Ecco il salone degli spettacoli, composto della platea e di una grande e miracolosa balconata a sbalzo, capaci l’una e l’altra di oltre duemilaquattrocento comodissimi posti a sedere, senza contare quelli contenuti negli ampi palchetti posti in alto, sull’ultimo settore della balconata.

Un’idea della vastità del salone può esser data dalla sua superficie: 930 mq.; ma meglio dal raffronto col vaso del Teatro alla Scala, che esso supera di ben sette metri in larghezza, e di dieci metri in lunghezza.

Qui lo sfarzo, il lusso e l’arte decorativa raggiungono la massima espressione: pareti rivestite di marmi pregiatissimi e lucenti, palchi di radica di noce, soffici tappeti di enormi dimensioni, bronzi d’arte, comodissime poltrone di velluto rosso, lampadari di gran pregio artistico, una cupola che accarezza l’occhio e parla alla fantasia col succedersi dolcemente dei più delicati effetti luminosi.

Grandiosa la balconata, con uno sbalzo di ben 16 metri, e larga 29; ma grandioso anche il boccascena, che misura metri dieci per dieci, e che ha la particolarità di essere incorniciato da un grigliato di legno dorato largo tre metri, composto da quattro cornici distanziare in profondità , in modo che nei vani tra cornice e cornice si son potuti istallare gli altoparlanti per il film sonoro, e un insieme di 2600 lampadine variamente colorate, con le quali è possibile ottenere tonalità, intensità e variazioni di luce che conducono a effetti singolari e suggestivi.

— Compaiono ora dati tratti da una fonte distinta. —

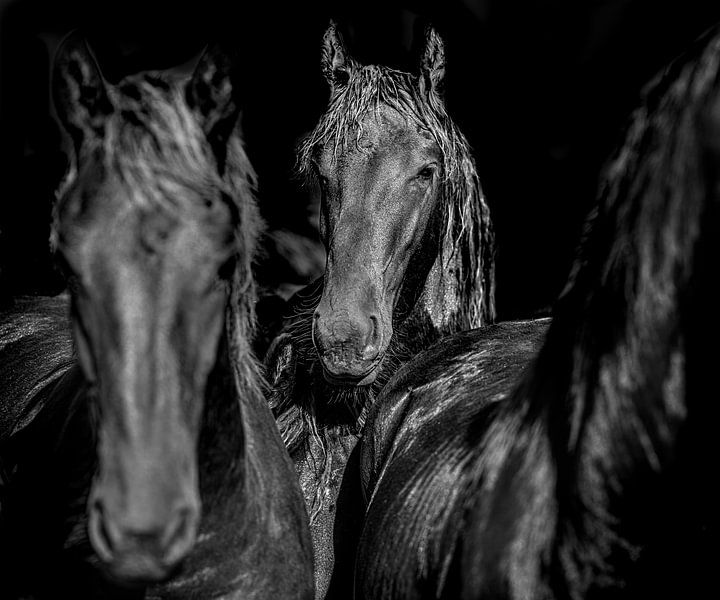 Portrait d'un cheval en noir et blanc par Harrie Muis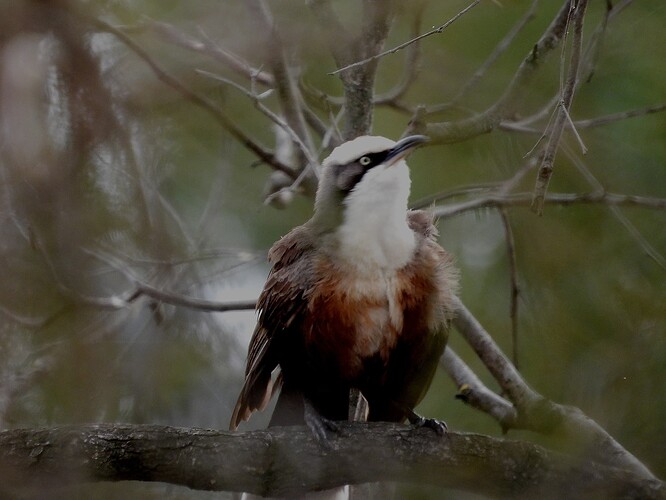 Grey-crowned Babbler Kerang 29-7 4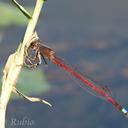 Image of Oxyagrion rubidum imported from iNaturalist.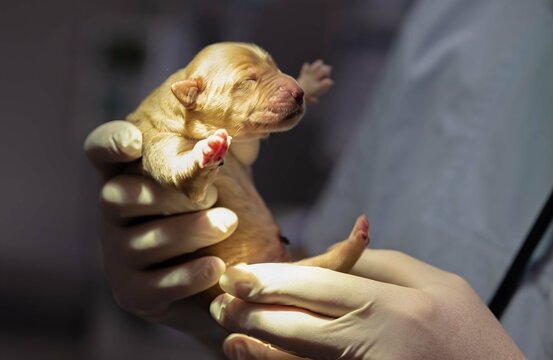 Dog In Hands Newborn Puppy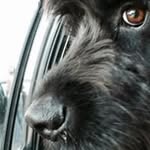 Chris Strome - @chrisstrome - Instagram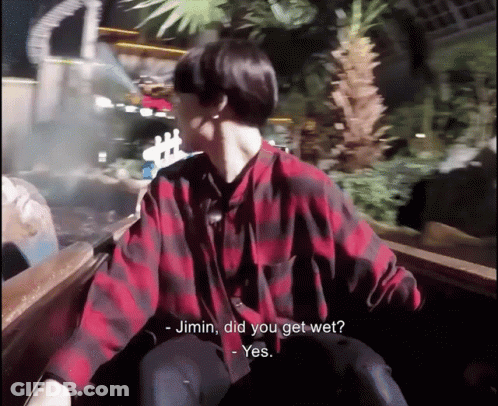 A Man In A Red And Black Plaid Shirt Is Riding A Roller Coaster And Asking Jimin If He Got Wet GIF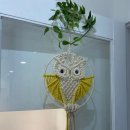 요가&필라테스Ⅰ 이미지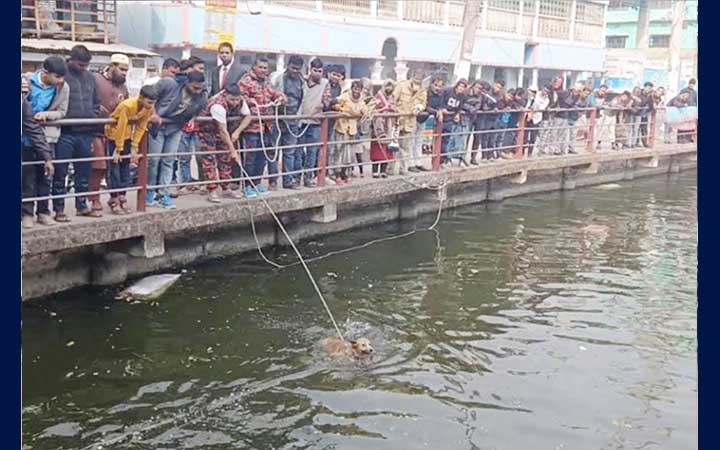 শীত উপেক্ষা করে এক ঘণ্টার চেষ্টায় কুকুর উদ্ধার
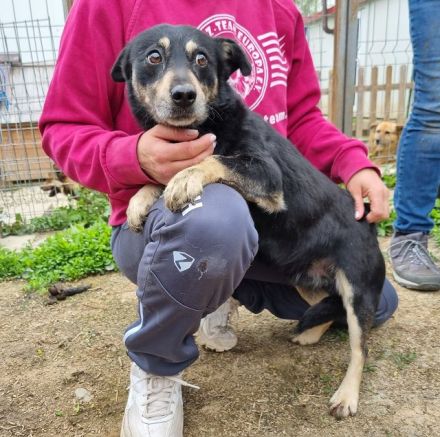 Laurin, kleiner Hund, der noch lernen muss, dass ihm nichts passiert, wer hilft ihm dabei? 4J, 35cm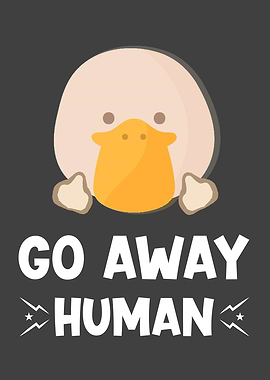 Duck Gift With Funny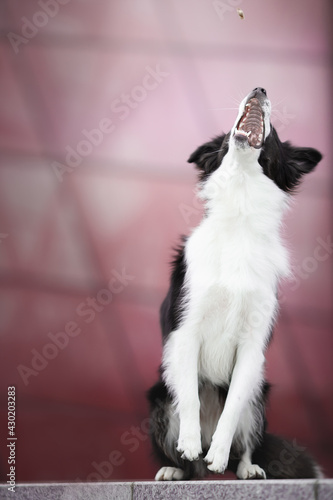 border collie dog catch yummy on pink background
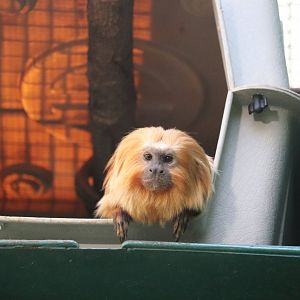 Small Mammal House - Golden Lion Tamarin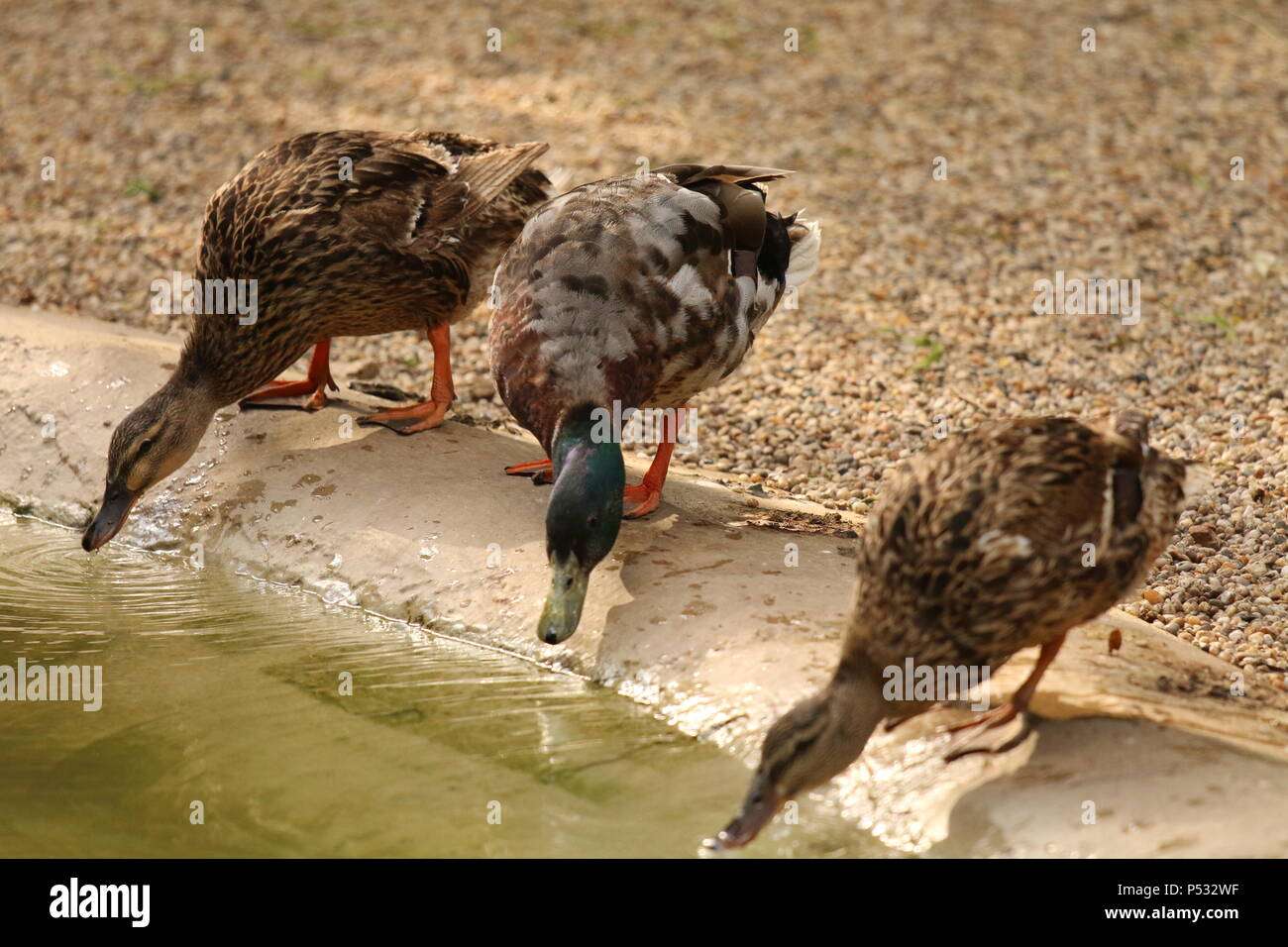 Canard colvert - Anas plathyrhynchos Banque D'Images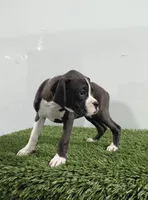 Jana, a female Boxer for sale in Lagrange, IN – 2 of 4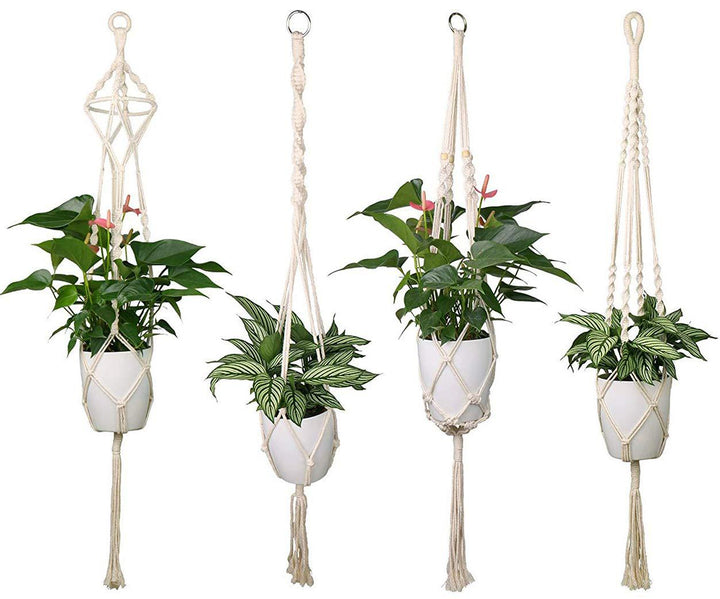 Plant pots Bowlift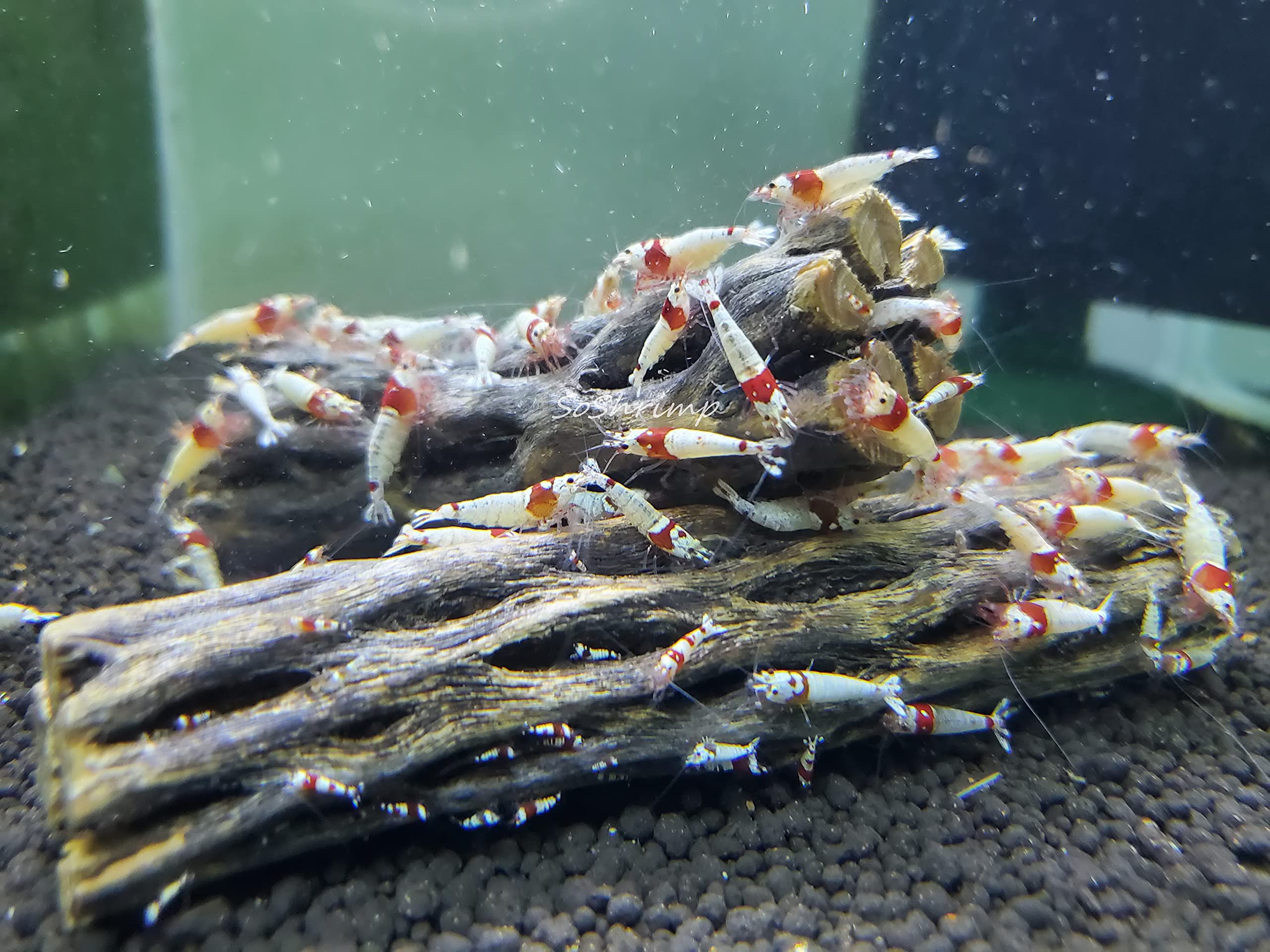 Natural Cholla Wood for Aquarium Decoration Shrimp and Fish Tank (10 Inch (2 Pack))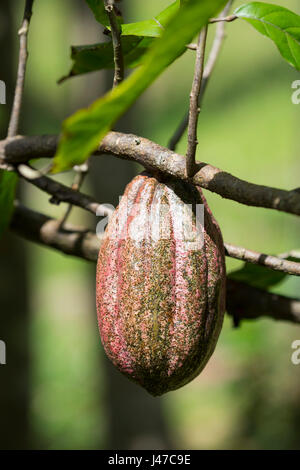 Une cabosse contenant des grains de cacao utilisé pour la fabrication du chocolat sur un arbre Theobroma cacao, Grenade, Antilles, Caraïbes Banque D'Images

E non parliamo qui di tutti quegli impianti e apprestamenti capaci di assicurare riscaldamento e raffreddamento e aerazione, alcuni dei quali di brevetti nuovissimi, e che tutt’insieme concorrono a fare di questo Cinematografo il tipo solo più ricco ed elegante, ma anche il più moderno per quanto riguarda appunto le esigenze del locale cinematografico.

Tutto ciò doveva parlare direttamente al cuore dei buoni Milanesi, i quali, se hanno visto scomparire una delle più vetuste glorie della loro città, hanno visto, in cambio, sorgere su quelle rovine una gloria di maggior valore artistico; e mon poteva non parlare al forestiero, che già di questo locale aveva avuto notizia come di cosa meravigliosa; ond’è che la inaugurazione di questo Cinema, che Milano ascrive a benemerenza dei fratelli Delle Piane, segnò un avvenimento cittadino, e la sua sala da spettacoli si è vista sempre affollata dal fior fiore della cittadinanza.

In buon punto, peraltro, è sopraggiunto il mutamento della gestione e della Direzione del Cinema. Alla primitiva Direzione non mancavano certo buona volontà, nobiltà d’intenti, e buon gusto; faceva difetto, però, quella conoscenza del mondo cinematografico e della psicologia delle folle, che è indispensabile per condurre un locale cinematografico di tanta importanza, in un centro come Milano, e al giorno d’oggi. Dalla metà di questo mese, alla primitiva gestione è succeduta la Società Anonima Emilio Perani, con alla testa un vecchio e consumato e occhiuto cinematografasti, appunto Emilio Perani, che del commercio cinematografico e della gestione di sale ha oramai un’annosa e fruttifera esperienza personale; tanto fruttifera, che gli spettacoli del Cinema Odeon se ne sono immediatamente avvantaggiati.

Con Emilio Perani alla testa, il Cinema Odeon conquista oggi quel primato al quale ha realmente pieno diritto, e che rischiava di non raggiungere giammai.